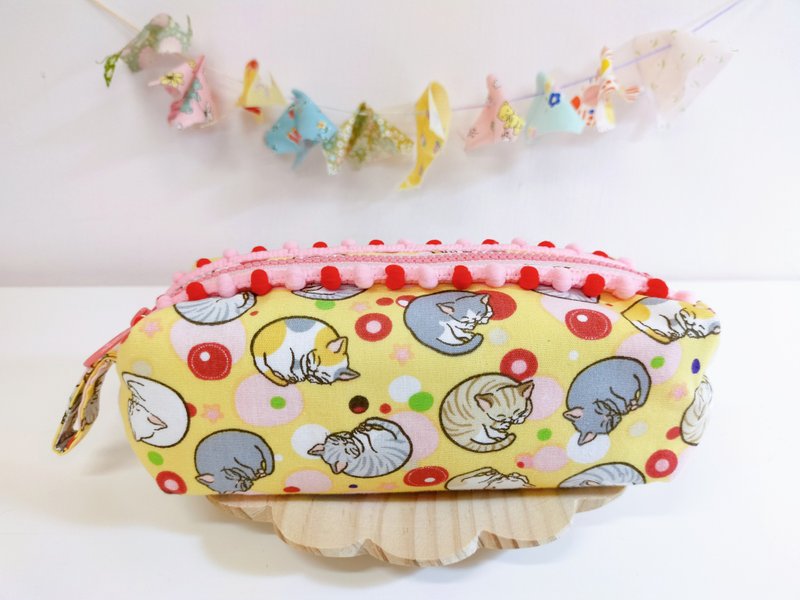 Sakura and cat fat bag cosmetic bag storage bag pencil case - กระเป๋าเครื่องสำอาง - ผ้าฝ้าย/ผ้าลินิน 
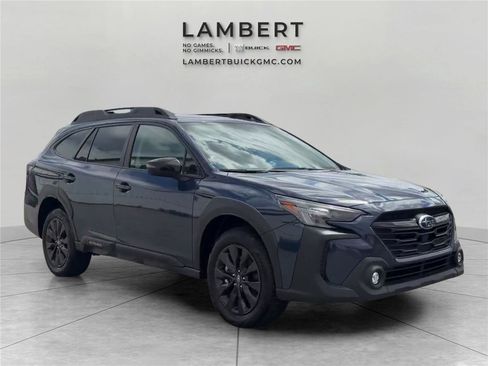 Used 2025 Subaru Outback Onyx Edition AWD/4WD image 7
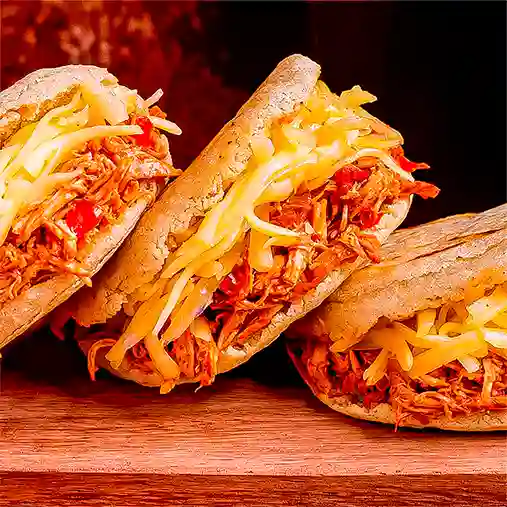 Arepa con Pollo y Carne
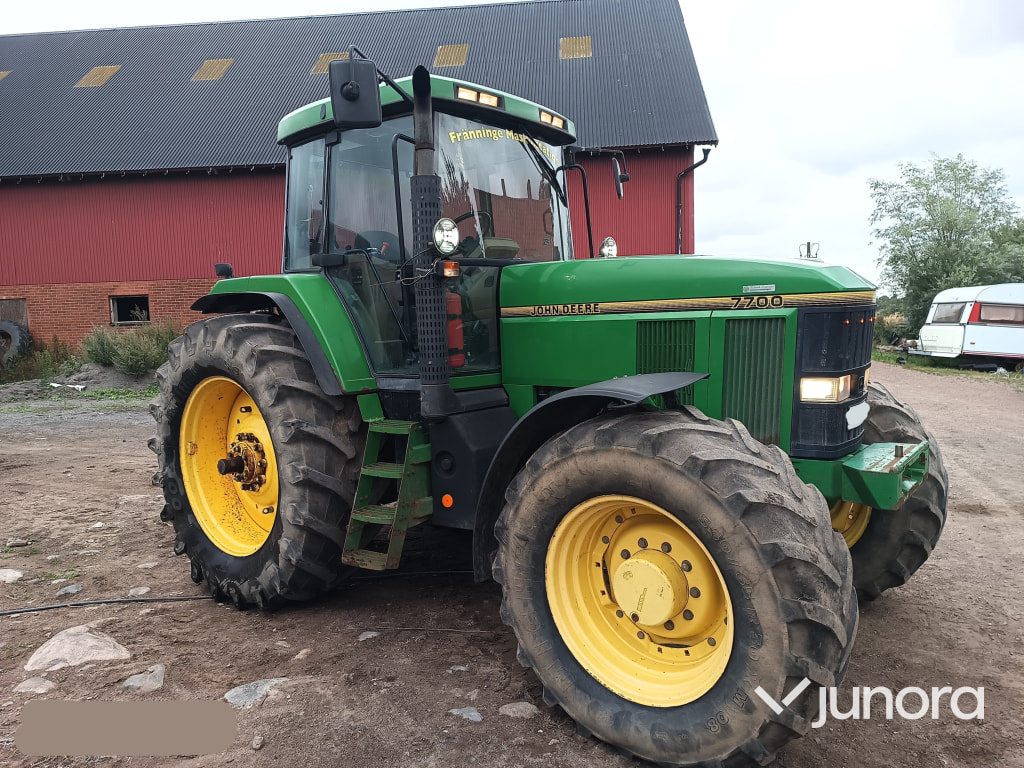 John Deere 7700 - Traktor: bilde 1 John Deere 7700 - Traktor: bilde 1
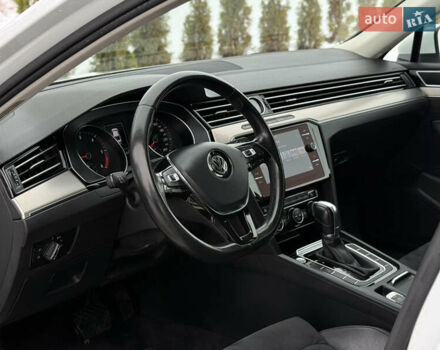 Белый Фольксваген Пассат, объемом двигателя 2 л и пробегом 198 тыс. км за 18950 $, фото 66 на Automoto.ua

○ ○ ○ ○ ○

PROBLEM TO SOLVE: Set the records down again exactly as given, and leave the pictures out.

ANSWER BOX:
 Sakura and cat fat bag cosmetic bag storage bag pencil case - กระเป๋าเครื่องสำอาง - ผ้าฝ้าย/ผ้าลินิน 
 Used 2025 Subaru Outback Onyx Edition AWD/4WD image 7
 Arepa con Pollo y Carne
 John Deere 7700 - Traktor: bilde 1 John Deere 7700 - Traktor: bilde 1
 Белый Фольксваген Пассат, объемом двигателя 2 л и пробегом 198 тыс. км за 18950 $, фото 66 на Automoto.ua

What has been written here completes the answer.